Many newly introduced drones on the market are equipped with tracking and following capabilities. Typically, this functionality is achieved through electronic devices worn by the target, utilizing GPS coordinates to track and follow the target. However, in environments where GPS signals are unavailable, such as tunnels or basements, GPS positioning becomes ineffective or even impossible. Therefore, image tracking serves as an auxiliary method to realize target tracking. One significant aspect of this research is to explore the feasibility of controlling UAV systems via detection and tracking techniques based on images. By utilizing detection and tracking techniques, drones can capture target images through cameras and perform real-time analysis to achieve precise detection and tracking of the position and orientation of the target. With the rapid development of deep learning, many deep learning-based models have been proposed to address the problem of object detection based on images. R-CNN [
4] applies high-capacity convolutional neural networks to bottom-up region proposals in order to localize and segment objects. SPP-Net [
5] utilizes spatial pyramid pooling to eliminate the requirement of fixed size input images. Faster R-CNN [
6] improves R-CNN and SPP-Net to reduce the training and testing speed while also increasing the detection accuracy. The Single Shot MultiBox Detector (SSD) [
7] utilizes multi-scale convolutional bounding box outputs attached to multiple feature maps at the top of the network to detect objects in images using a single deep neural network. Unlike prior works that treat detection as a classification problem, the work named You Only Look Once (YOLO) [
8] considers object detection as a regression problem to spatially separated bounding boxes and the associated class probabilities. A single neural network that can be optimized end-to-end is used to predict bounding boxes and class probabilities directly from full images in one evaluation. Therefore, YOLO has achieved great success. YOLO9000 and YOLOv2 [
9] improve the original YOLO by introducing the concepts of batch normalization [
10], high resolution classifier, convolution with anchor boxes [
6], dimension clusters, direct location prediction, fine-grained features, and multi-scale training. YOLOv3 [
11] made some little changes to update YOLO and to make it better. YOLOv4 [
12] performs extensive experiments on the techniques of weighted residual connections, cross-stage partial connections, cross mini-batch normalization, self-adversarial training, mish-activation, mosaic data augmentation, drop-block regularization, and CIoU loss, and it combines a subset of these techniques to achieve state-of-the-art results. Person detection is a specialized form of object detection designed to identify the specific class “person” within images or video frames. Therefore, we utilize YOLOv4 to perform the detection task for the drone. To further reduce the computation complexity of YOLOv4 so that it can be applied in the environment with very limited computational resources, we perform pruning on the original YOLOv4 model.
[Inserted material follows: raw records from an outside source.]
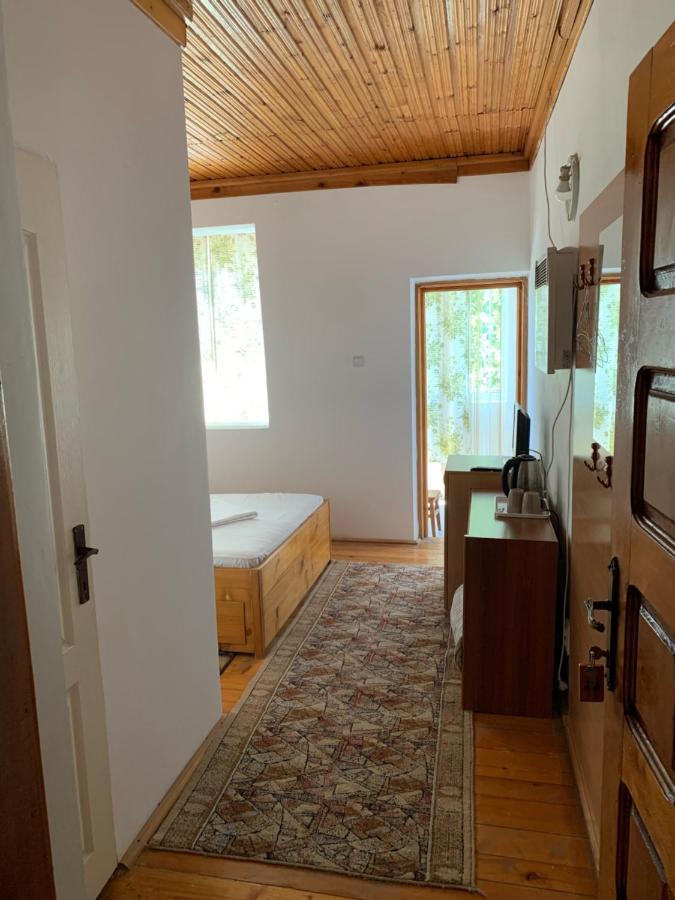 Casa Lorena Sărata-Monteoru Exterior foto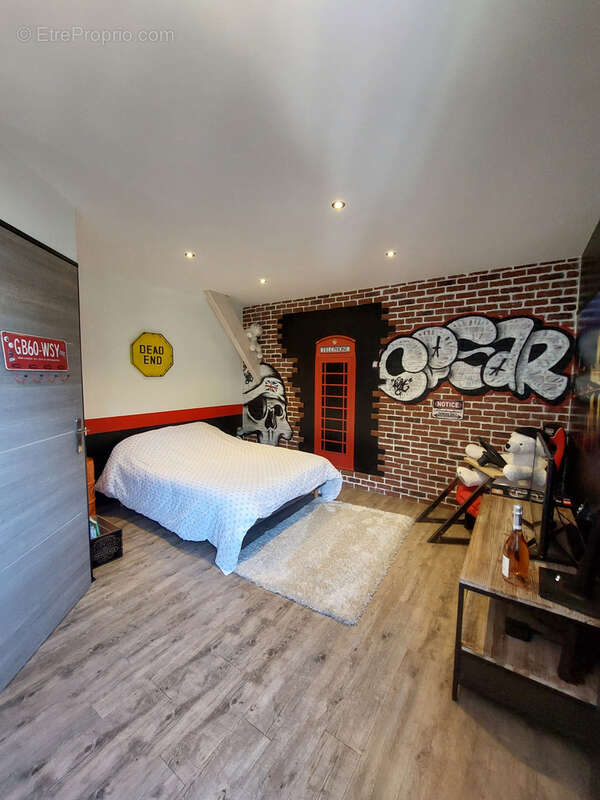 Maison à BARCELONNETTE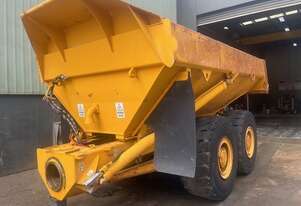 Volvo A30   TRAILERS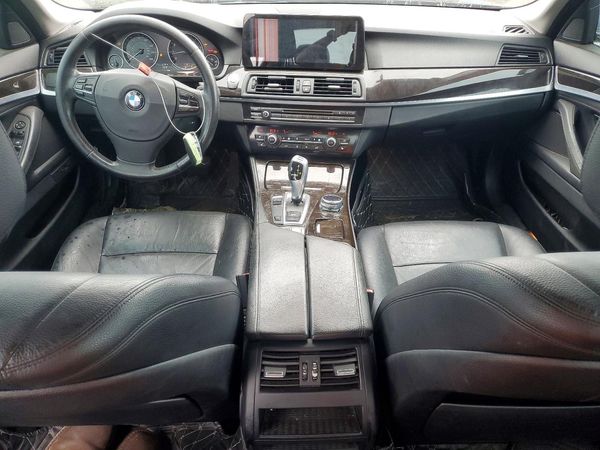 2014 BMW 535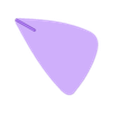 balance001_p19.stl Calder'den Esinlenilmiş Asma Mobil Heykel - Sumak VI Stili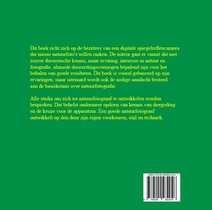 Praktijkboek natuurfotografie achterzijde
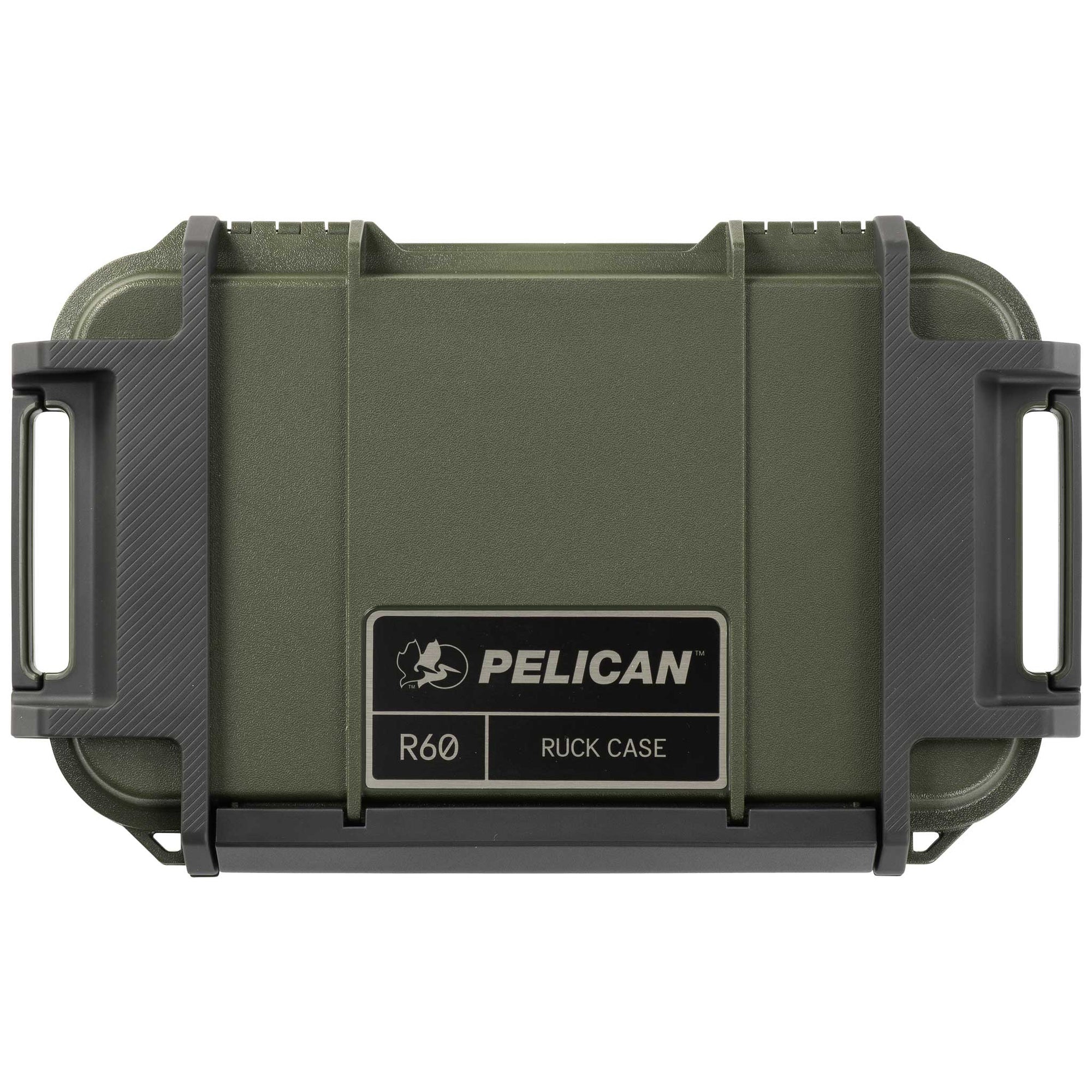 Pelican R60 waterproof ruck case black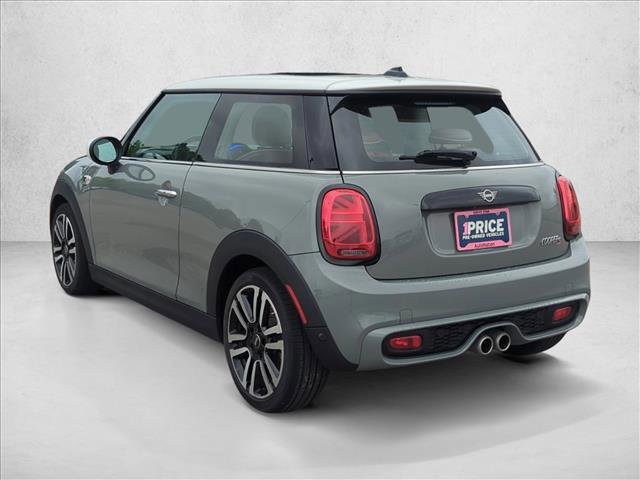 Used 2021 MINI Cooper S FWD image 10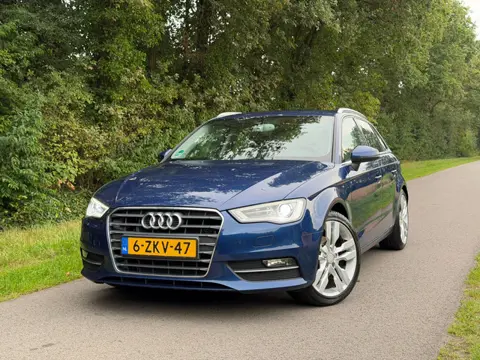 Audi A3 Sportback 1.4 TFSI CoD Ambition Pro Line S | Cruise + Clima + Navi Nu € 8.975,-!!!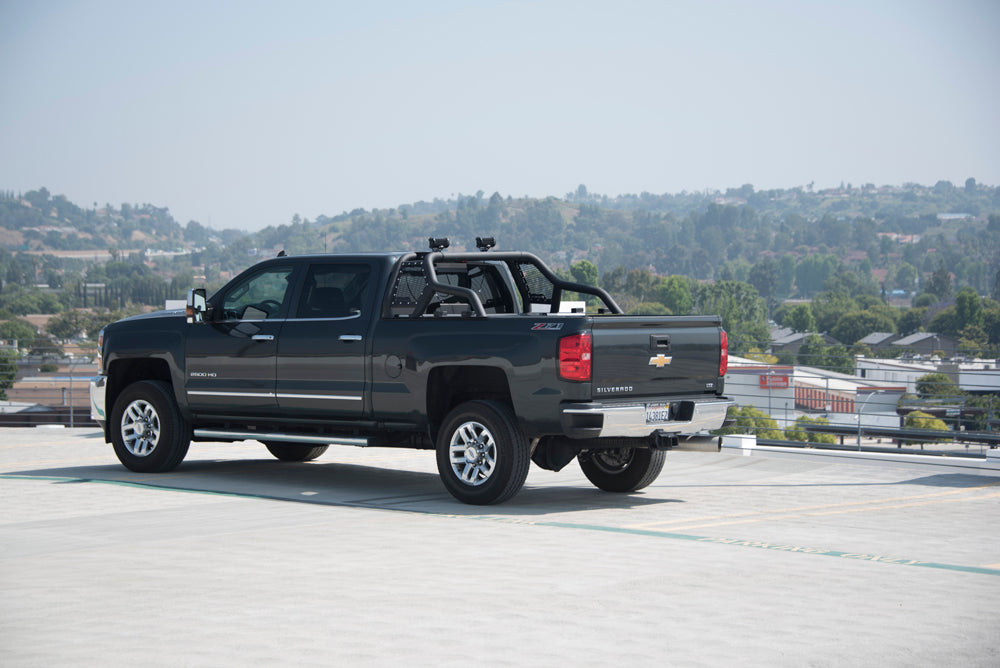 Armordillo 7180338 CR1 Full-Size Chase Rack with Tire Carrier - image 13
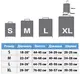 Защитный чехол для чемодана MiUi Abstraction size S for suitcase 18-20\"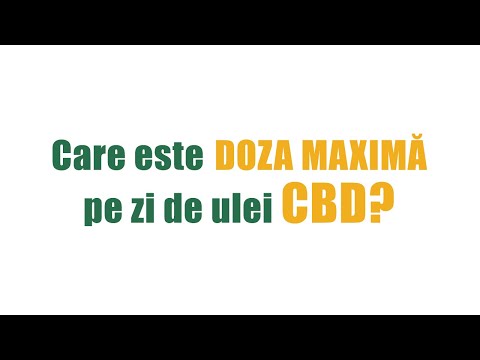 Video: Ulei CBD Vs. Ulei De Cânepă: Care Este Diferența?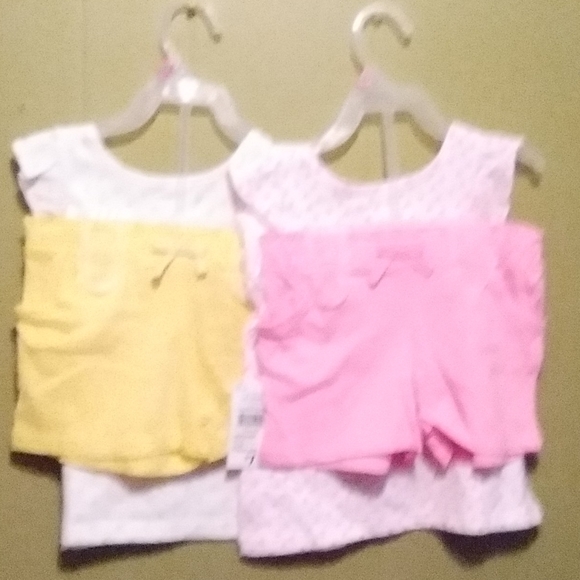 Short set 4t 2-sets - Picture 2 of 2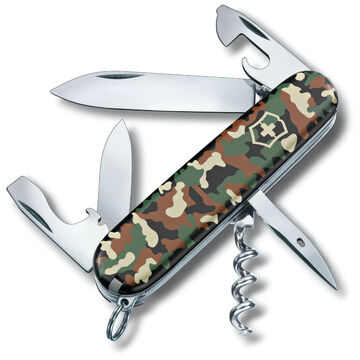 Victorinox Swiss Army Spartan Multi-Tool Pocket Knife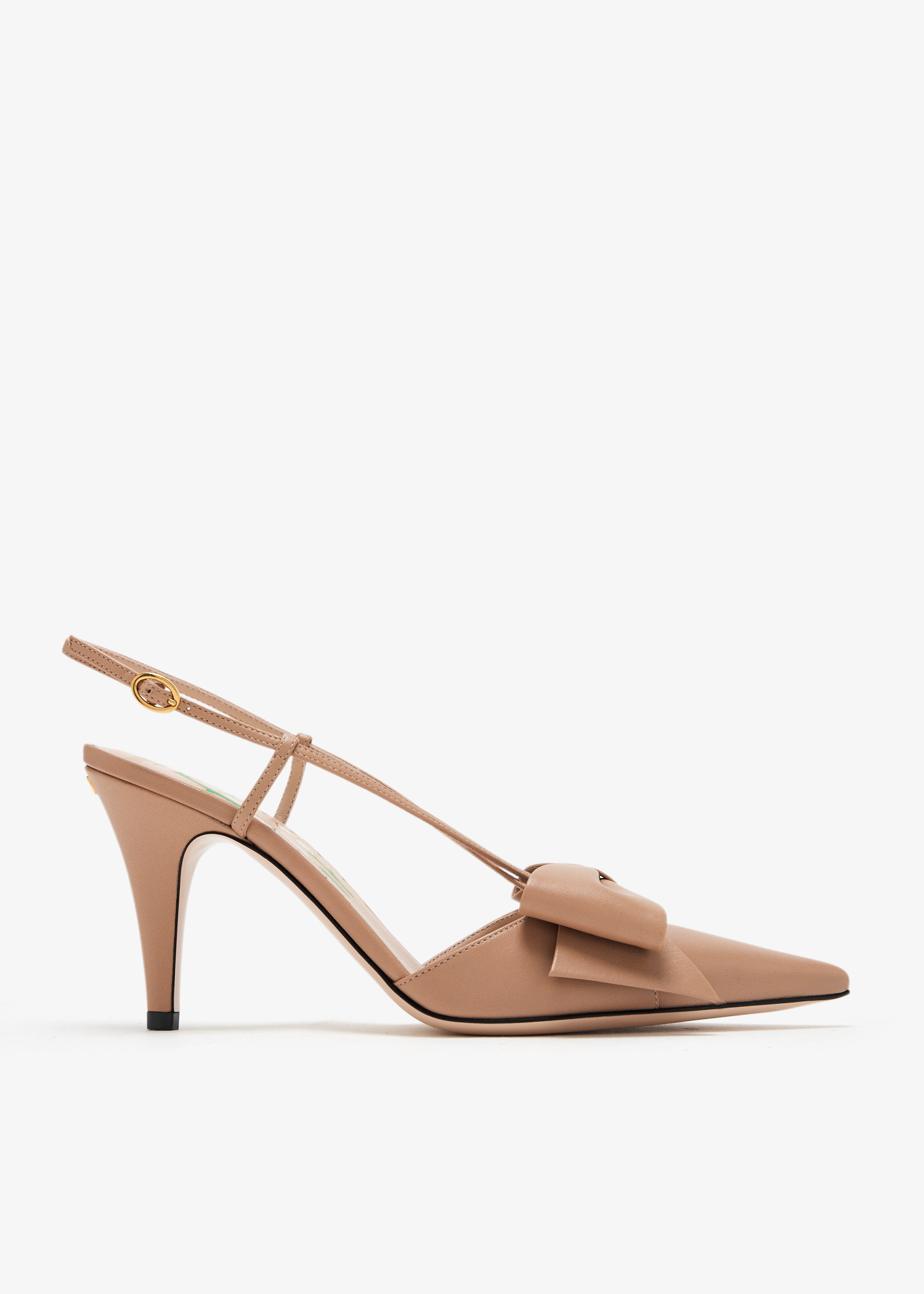 Bowow slingback pumps, Pink
Bowow slingback pumps, Pink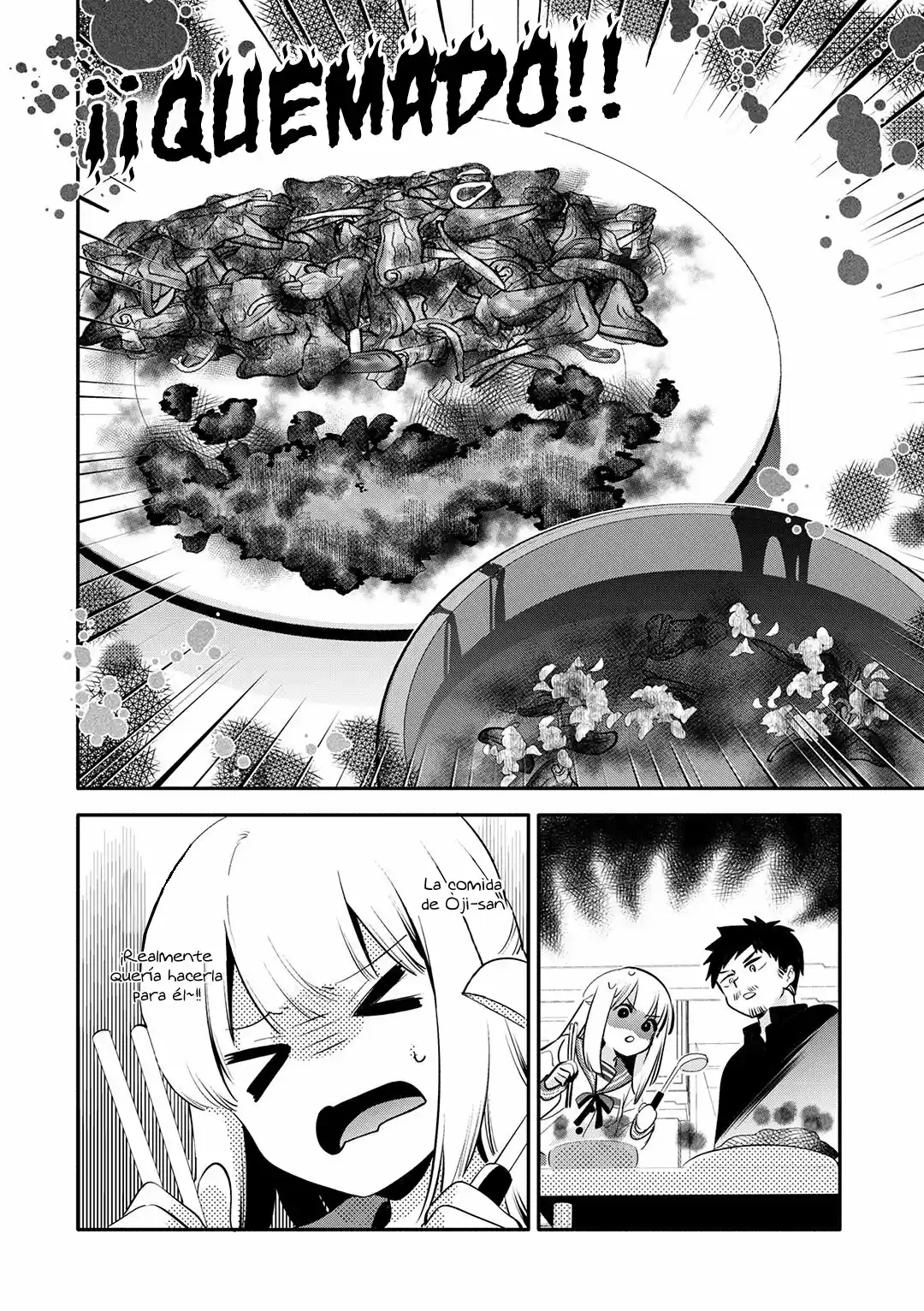 Oji-san Ga Joshi●sei Ni Warui Koto Wo Oshieru Hanashi - Capítulo 19 - Página 9 - LectorTMOo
Pruning methods have been proposed to reduce the complexity of CNN models [
13,
14,
15,
16,
17]. Channel pruning intends to exploit the redundancy of feature maps between channels and remove channels with the minimal performance loss [
13]. Li et al. [
14] proposed pruning deep learning models using both channel-level and layer-level compression techniques. Liu et al. [
16] designed a pruning method that can be directly applied to existing modern CNN architectures by enforcing channel-level sparsity in the network to reduce the model size, decrease the run-time memory footprint and lower the number of computing operations while maintaining the accuracy of the model. In [
17], the authors demonstrate how to prune YOLOv3 and YOLOv4 models and then deployed them on OpenVINO with an increased frame rate and little accuracy loss. Since we utilize YOLOv4 for detection in the framework, we refer to the pruning methods described in [
16,
17].
Tracking algorithms based on Siamese Networks have become mainstream for visual tracking recently [
18]. Bertinetto et al. [
19] utilized a fully convolutional Siamese network that can be trained end-to-end for tracking applications. Zhu et al. [
20] designed a distractor-aware module to perform incremental learning, which is able to transfer the general embedding to the current video domain effectively. Li et al. [
21] proposed a tracker based on a Siamese region proposal network that is trained offline with large-scale image pairs. A ResNet-driven Siamese tracker is trained in [
22]. SiamMask [
23] improves the offline training procedure of popular fully convolutional Siamese methods for visual tracking by augmenting their loss with a binary segmentation task.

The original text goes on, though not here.